Vote Predicted as Close

Aides to influential Westside Rep. Henry A. Waxman (D-Los Angeles), a past supporter of the project who has demanded that the entire subway route be restudied for safety in the wake of an underground gas explosion at a Fairfax district clothing store, also said the vote could be close. But the Waxman forces added that they may be outgunned by the small army of Metro Rail lobbyists, consultants and supporters working the Hill.

“We are as much concerned about safety as anyone,” Bradley said, noting that both city and state inspectors would personally supervise tunnel construction.

Compromise Bid Fails

Bradley met with Waxman and several other members of the Los Angeles delegation Tuesday morning in a last-ditch attempt to find a compromise that would avoid a political battle on the House floor that could kill the project.
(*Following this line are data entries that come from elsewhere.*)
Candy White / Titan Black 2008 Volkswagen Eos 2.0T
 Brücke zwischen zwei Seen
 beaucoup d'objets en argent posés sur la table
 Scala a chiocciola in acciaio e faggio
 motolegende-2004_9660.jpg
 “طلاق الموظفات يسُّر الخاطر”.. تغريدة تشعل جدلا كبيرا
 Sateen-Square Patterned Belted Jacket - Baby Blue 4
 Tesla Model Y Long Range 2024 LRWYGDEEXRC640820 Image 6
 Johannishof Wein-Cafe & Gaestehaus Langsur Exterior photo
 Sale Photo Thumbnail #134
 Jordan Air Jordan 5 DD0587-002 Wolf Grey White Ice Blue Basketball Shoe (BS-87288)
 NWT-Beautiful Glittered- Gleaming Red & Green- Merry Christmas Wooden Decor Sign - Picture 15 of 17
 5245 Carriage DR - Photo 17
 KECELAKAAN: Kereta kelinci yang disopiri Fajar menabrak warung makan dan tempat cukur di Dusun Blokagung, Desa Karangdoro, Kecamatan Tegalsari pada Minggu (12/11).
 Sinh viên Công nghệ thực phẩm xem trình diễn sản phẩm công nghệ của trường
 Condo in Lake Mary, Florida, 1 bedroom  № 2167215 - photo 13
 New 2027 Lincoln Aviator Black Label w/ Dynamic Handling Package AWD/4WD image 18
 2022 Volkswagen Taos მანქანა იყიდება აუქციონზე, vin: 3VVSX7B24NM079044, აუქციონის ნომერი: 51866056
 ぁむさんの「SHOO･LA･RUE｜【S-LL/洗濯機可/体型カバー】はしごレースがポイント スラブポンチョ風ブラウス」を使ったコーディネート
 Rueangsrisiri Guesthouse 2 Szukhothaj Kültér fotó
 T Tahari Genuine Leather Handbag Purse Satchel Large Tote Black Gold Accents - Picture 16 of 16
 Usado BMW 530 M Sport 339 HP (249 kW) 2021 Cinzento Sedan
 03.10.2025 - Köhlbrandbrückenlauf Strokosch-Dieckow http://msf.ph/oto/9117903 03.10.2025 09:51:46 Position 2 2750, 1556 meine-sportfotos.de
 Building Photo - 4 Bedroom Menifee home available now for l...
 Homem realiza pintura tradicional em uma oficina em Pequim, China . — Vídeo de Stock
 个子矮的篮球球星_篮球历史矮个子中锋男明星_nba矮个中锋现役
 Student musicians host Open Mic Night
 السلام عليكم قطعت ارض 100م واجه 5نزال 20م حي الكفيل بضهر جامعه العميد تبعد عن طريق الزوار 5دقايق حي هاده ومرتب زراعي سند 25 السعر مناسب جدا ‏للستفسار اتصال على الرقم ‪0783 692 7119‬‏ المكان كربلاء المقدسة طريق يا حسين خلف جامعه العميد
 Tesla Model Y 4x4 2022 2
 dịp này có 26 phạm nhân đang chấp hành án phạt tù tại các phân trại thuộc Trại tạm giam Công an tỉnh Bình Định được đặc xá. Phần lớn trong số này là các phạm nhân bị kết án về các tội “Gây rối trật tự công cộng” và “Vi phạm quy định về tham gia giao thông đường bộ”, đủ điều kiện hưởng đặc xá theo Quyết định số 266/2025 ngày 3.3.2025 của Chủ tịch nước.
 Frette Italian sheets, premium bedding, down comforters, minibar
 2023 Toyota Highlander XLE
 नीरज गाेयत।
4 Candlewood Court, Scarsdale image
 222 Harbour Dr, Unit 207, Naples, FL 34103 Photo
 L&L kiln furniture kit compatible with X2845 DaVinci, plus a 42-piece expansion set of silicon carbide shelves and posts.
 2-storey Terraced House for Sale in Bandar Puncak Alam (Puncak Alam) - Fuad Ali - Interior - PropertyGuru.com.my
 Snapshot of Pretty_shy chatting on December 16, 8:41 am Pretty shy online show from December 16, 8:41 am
For a few hours, it appeared that a settlement was near. But the arrangement came unraveled when the two sides could not come to terms on a re-examination of the downtown leg of the route, where high methane readings have been found in underground probes.

Meanwhile, Waxman, joined by conservative Rep. Bobbi Fiedler (R-Northridge), the project’s most ardent critic, appeared before the House Rules Committee and won permission to offer an amendment to the transportation money bill that would hold up all spending on Metro Rail until the safety of the entire line is re-evaluated. That amendment, which will be the focus of the expected House floor fight today, would also require independent experts to review the route and change it where necessary to avoid any areas identified as potentially hazardous.

Tuesday night Bradley was to receive the Washington-based National Urban Coalition’s award as the Distinguished Mayor of 1985.